Reference will now be made in detail to the various embodiments of the present disclosure, one or more examples of which are illustrated in the figures. Generally, only the differences with respect to individual embodiments are described. Each example is provided by way of explanation and is not meant as a limitation of the present disclosure. Features illustrated or described as part of one embodiment can be used on or in conjunction with other embodiments to yield yet a further embodiment. It is intended that the description includes such modifications and variations.

Compared to conventional control methods such as proportional-integral-derivative (PID) control, model predictive control (MPC), and advanced process control (APC), reinforcement learning (RL) based control stands out because it can handle complex systems with nonlinear behavior. Its ability to learn from interactions with processes and to optimize diverse objectives distinguishes it as a dynamic solution. Moreover, RL control excels in adapting to evolving operating conditions and disturbances, while significantly reducing the manual modelling and tuning efforts associated with traditional industrial control strategies.

Applying reinforcement learning to industrial process control, e.g. providing a reinforcement learning agent, poses challenges. Sample efficiency is one of the primary challenges for RL agents in industrial process systems, particularly during training and maintenance of the RL agent. RL algorithms traditionally require numerous interactions with the process and/or environment to learn effective policies. It is therefore an objective of the present invention to reduce the number of samples required to train an RL agent for an industrial process and/or to provide samples for training an RL agent more efficiently, particularly to achieve superior performance.

In many industrial settings, training RL agents from scratch in the actual operational environment may be unfeasible and/or unsafe. To achieve the desired accuracy of the RL agent high-fidelity simulators may be used during the training phase. A drawback of high-fidelity simulators is that they are expensive and the execution of these simulators may result in multiple months of training time. Furthermore, many industrial systems feature high-dimensional state and action spaces.
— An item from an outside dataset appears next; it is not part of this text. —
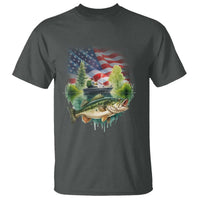 Bass Fishing Patriotic American Flag T Shirt - Wonder Print Shop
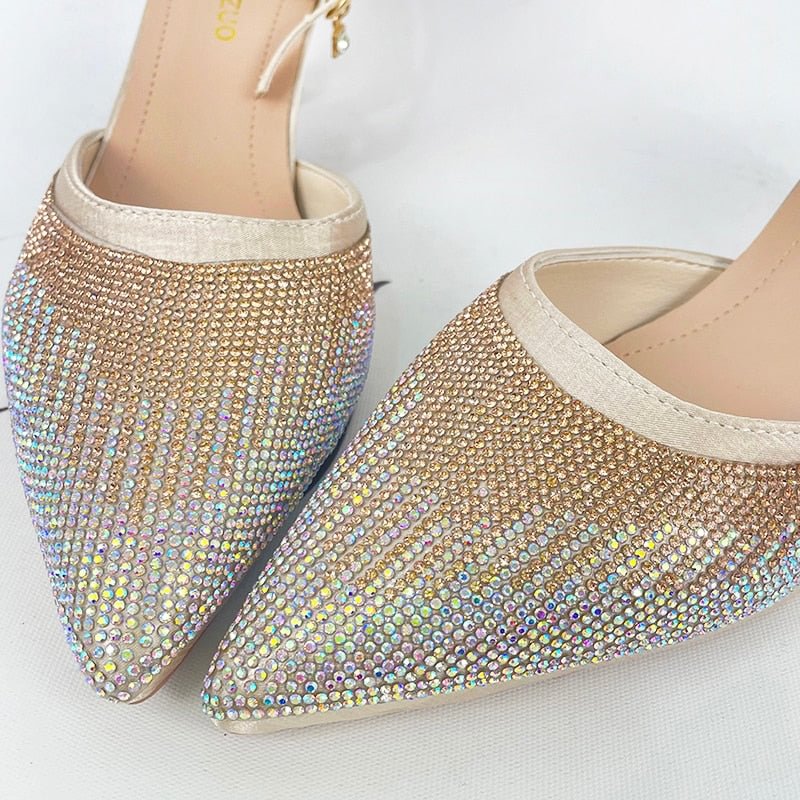 Shining Crystal Gold Pumps For Women 2022 Sexy Ankle Strap High Heels Shoes Woman Pointed Toe Rhinestone Wedding Party Shoes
Traditional RL algorithms may struggle to navigate such complex environments efficiently. It is therefore an objective of the present invention, to provide a method that can handle continuous and high-dimensional spaces.

Additionally, safety takes precedence as RL agents must not only acquire optimal policies but also comply with stringent safety constraints while demonstrating resilience to environmental variations. A further objective of the present invention is to establish a mechanism for real-time adaptation to evolving conditions over time and ensuring their robustness.

The present disclosure addresses the above issues and objectives by providing a holistic and systematic approach for training reinforcement learning agents for industrial process systems.

The method according to the present invention provides an accelerated, safe, and resilient training and maintenance framework that forms a pipeline for RL agent development and life cycle management. The RL agent is trained using a combination of historical closed-loop data and a low-fidelity simulator. The RL agent may use multiple low-fidelity simulators. The RL agent may further be adapted to changing processes. Beneficially, the usage of historical data enables sample-efficient training which reduces the amount of interaction either with a simulator or with the actual process. This further results in that the agent is trained in a safe region in state space, as it explores only already experienced regions present in history. Further, a safety verifier and safety guarantor may be provided to beneficially ensure the safety of the process during training and deployment.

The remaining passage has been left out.